Extracted information:
◇ ◇ ◇ ◇ ◇
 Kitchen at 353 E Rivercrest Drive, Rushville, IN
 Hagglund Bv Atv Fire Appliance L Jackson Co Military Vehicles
◇ ◇ ◇ ◇ ◇
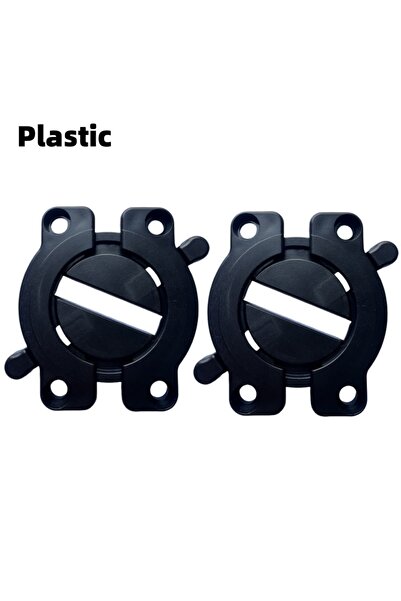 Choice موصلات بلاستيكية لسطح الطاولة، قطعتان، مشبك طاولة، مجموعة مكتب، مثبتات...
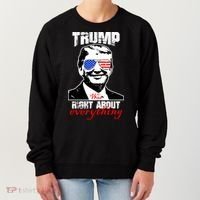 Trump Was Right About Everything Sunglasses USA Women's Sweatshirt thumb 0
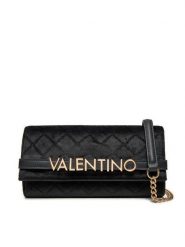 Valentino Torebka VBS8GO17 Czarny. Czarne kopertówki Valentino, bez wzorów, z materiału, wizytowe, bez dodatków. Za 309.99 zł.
◇ ◇ ◇ ◇ ◇
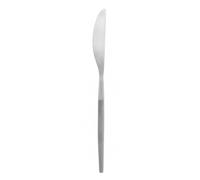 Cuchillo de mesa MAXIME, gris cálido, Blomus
◇ ◇ ◇ ◇ ◇
Find the line with "Kitchen at 353" in the entries above. Retype it and each line after it, exactly, through the line with "Hagglund Bv Atv", and stop there.

Output of the task:
 Kitchen at 353 E Rivercrest Drive, Rushville, IN
 Hagglund Bv Atv Fire Appliance L Jackson Co Military Vehicles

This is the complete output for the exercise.